NASH development is thought to begin with hepatic steatosis due to diet-induced dysregulation of hepatic lipid metabolism with an overstraining of hepatic fatty acid metabolism, decreased fatty acid export, and increased lipogenesis; this is aggravated by an increased peripheral lipolysis in obese subjects [5] [6] [7] [8]. Hepatic steatosis increases cellular susceptibility to various stressors, for example, fatty acid-derived oxidative stress, environmental toxins or proinflammatory cytokines arising from the portal venous system leading to endoplasmic reticulum stress and the activation of hepatic stellate cells, which is the key event of hepatic fibrosis [9]. The well-documented perturbations of insulin action and the altered adipokine profile associated with diet-induced obesity such as decreased adiponectin and elevated leptin levels add to the proinflammatory context [10].
One area of uncertainty in this hypothesis is the role of the fat type in hepatic fat deposition, development of hepatic inflammation and the associated metabolic dysregulation. Clinical studies have demonstrated an increased dietary intake of saturated fatty acids and cholesterol as well as a decreased ratio of dietary polyunsaturated to saturated fatty acids in patients with NASH [11] [12]. Saturated fatty intake also correlated with hepatic triglyceride accumulation and insulin resistance [11]. In high fat fed rodent models, differential effects with respect to insulin resistance and liver fat accumulation were detected depending on the type of dietary fat: saturated fat dominated diets led to both hepatic steatosis and insulin resistance, whereas monounsaturated fats only increased liver triglyceride content without significantly changing insulin action [13]. Experimental data at the cell culture level show increased apoptosis of hepatocyte [14] and disruption of endoplasmic reticulum homeostasis [15] induced by saturated fatty acids; this was not seen when employing polyunsaturated controls.

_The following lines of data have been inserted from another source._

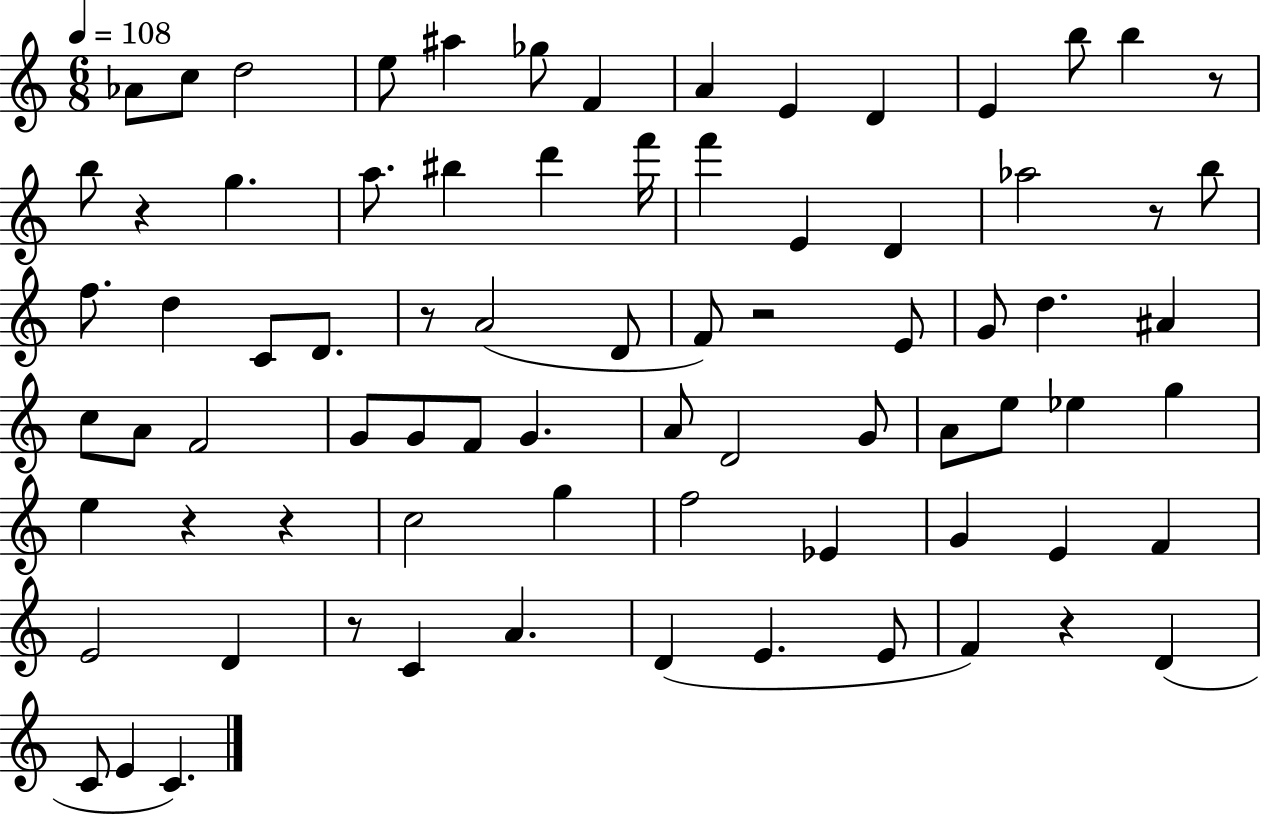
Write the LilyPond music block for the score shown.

{
  \clef treble
  \numericTimeSignature
  \time 6/8
  \key c \major
  \tempo 4 = 108
  aes'8 c''8 d''2 | e''8 ais''4 ges''8 f'4 | a'4 e'4 d'4 | e'4 b''8 b''4 r8 | \break b''8 r4 g''4. | a''8. bis''4 d'''4 f'''16 | f'''4 e'4 d'4 | aes''2 r8 b''8 | \break f''8. d''4 c'8 d'8. | r8 a'2( d'8 | f'8) r2 e'8 | g'8 d''4. ais'4 | \break c''8 a'8 f'2 | g'8 g'8 f'8 g'4. | a'8 d'2 g'8 | a'8 e''8 ees''4 g''4 | \break e''4 r4 r4 | c''2 g''4 | f''2 ees'4 | g'4 e'4 f'4 | \break e'2 d'4 | r8 c'4 a'4. | d'4( e'4. e'8 | f'4) r4 d'4( | \break c'8 e'4 c'4.) | \bar "|."
}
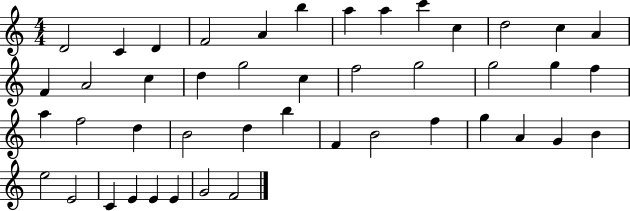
D4/h C4/q D4/q F4/h A4/q B5/q A5/q A5/q C6/q C5/q D5/h C5/q A4/q F4/q A4/h C5/q D5/q G5/h C5/q F5/h G5/h G5/h G5/q F5/q A5/q F5/h D5/q B4/h D5/q B5/q F4/q B4/h F5/q G5/q A4/q G4/q B4/q E5/h E4/h C4/q E4/q E4/q E4/q G4/h F4/h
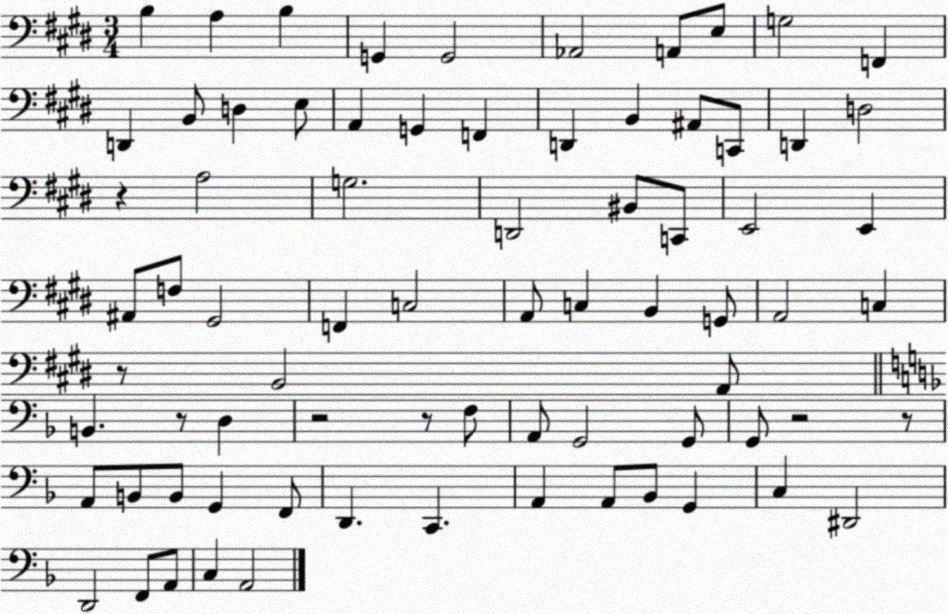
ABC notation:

X:1
T:Untitled
M:3/4
L:1/4
K:E
B, A, B, G,, G,,2 _A,,2 A,,/2 E,/2 G,2 F,, D,, B,,/2 D, E,/2 A,, G,, F,, D,, B,, ^A,,/2 C,,/2 D,, D,2 z A,2 G,2 D,,2 ^B,,/2 C,,/2 E,,2 E,, ^A,,/2 F,/2 ^G,,2 F,, C,2 A,,/2 C, B,, G,,/2 A,,2 C, z/2 B,,2 A,,/2 B,, z/2 D, z2 z/2 F,/2 A,,/2 G,,2 G,,/2 G,,/2 z2 z/2 A,,/2 B,,/2 B,,/2 G,, F,,/2 D,, C,, A,, A,,/2 _B,,/2 G,, C, ^D,,2 D,,2 F,,/2 A,,/2 C, A,,2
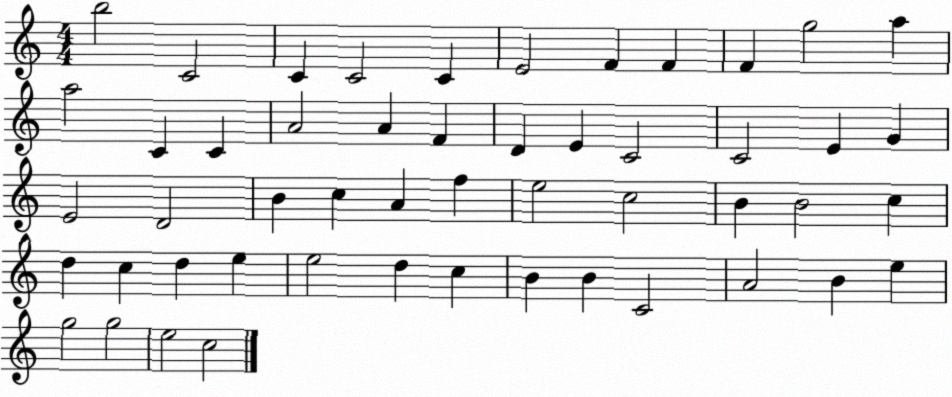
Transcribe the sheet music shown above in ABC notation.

X:1
T:Untitled
M:4/4
L:1/4
K:C
b2 C2 C C2 C E2 F F F g2 a a2 C C A2 A F D E C2 C2 E G E2 D2 B c A f e2 c2 B B2 c d c d e e2 d c B B C2 A2 B e g2 g2 e2 c2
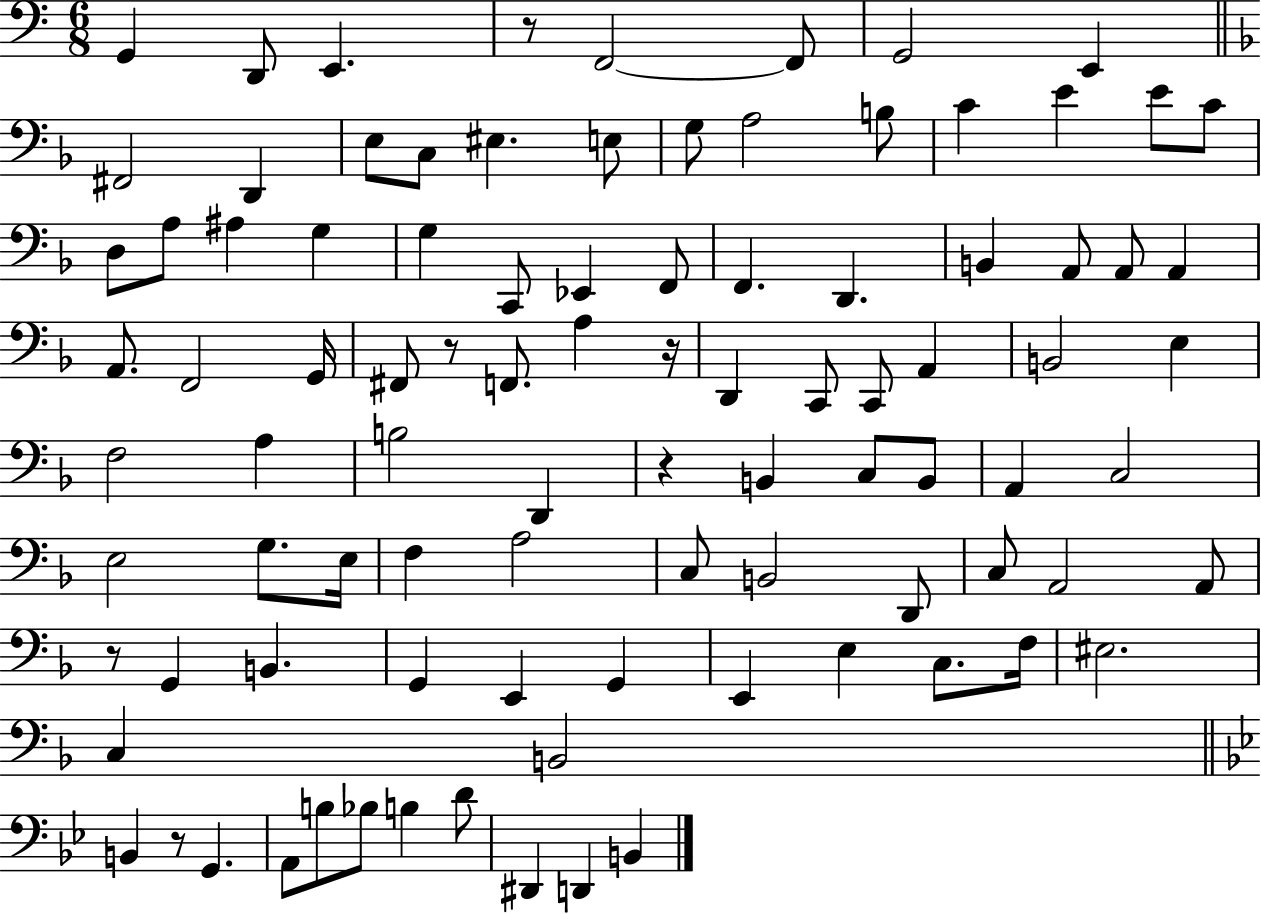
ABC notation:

X:1
T:Untitled
M:6/8
L:1/4
K:C
G,, D,,/2 E,, z/2 F,,2 F,,/2 G,,2 E,, ^F,,2 D,, E,/2 C,/2 ^E, E,/2 G,/2 A,2 B,/2 C E E/2 C/2 D,/2 A,/2 ^A, G, G, C,,/2 _E,, F,,/2 F,, D,, B,, A,,/2 A,,/2 A,, A,,/2 F,,2 G,,/4 ^F,,/2 z/2 F,,/2 A, z/4 D,, C,,/2 C,,/2 A,, B,,2 E, F,2 A, B,2 D,, z B,, C,/2 B,,/2 A,, C,2 E,2 G,/2 E,/4 F, A,2 C,/2 B,,2 D,,/2 C,/2 A,,2 A,,/2 z/2 G,, B,, G,, E,, G,, E,, E, C,/2 F,/4 ^E,2 C, B,,2 B,, z/2 G,, A,,/2 B,/2 _B,/2 B, D/2 ^D,, D,, B,,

High fat feeding in itself does not reliably induce hepatic inflammation in mice or rats [13]. The lack of a purely diet-induced rodent NASH model has been a drawback for the further elucidation of NASH pathogenesis, as hepatitis models employing toxins, bile duct ligation or nutrient deficient diets do not reflect the clinical situation well. Recently, an atherogenic diet initially described by Paigen et al. [16] [17] has been shown to induce hepatic fat deposition and inflammation, and appears to be suitable for the dissection of diet-phenotype interactions in NASH. In this study, we have therefore examined morphologic, metabolic, and molecular parameters of diet-induced nonalcoholic steatohepatitis in different variations of the atherogenic diet with respect to fat components and fatty acid subtypes.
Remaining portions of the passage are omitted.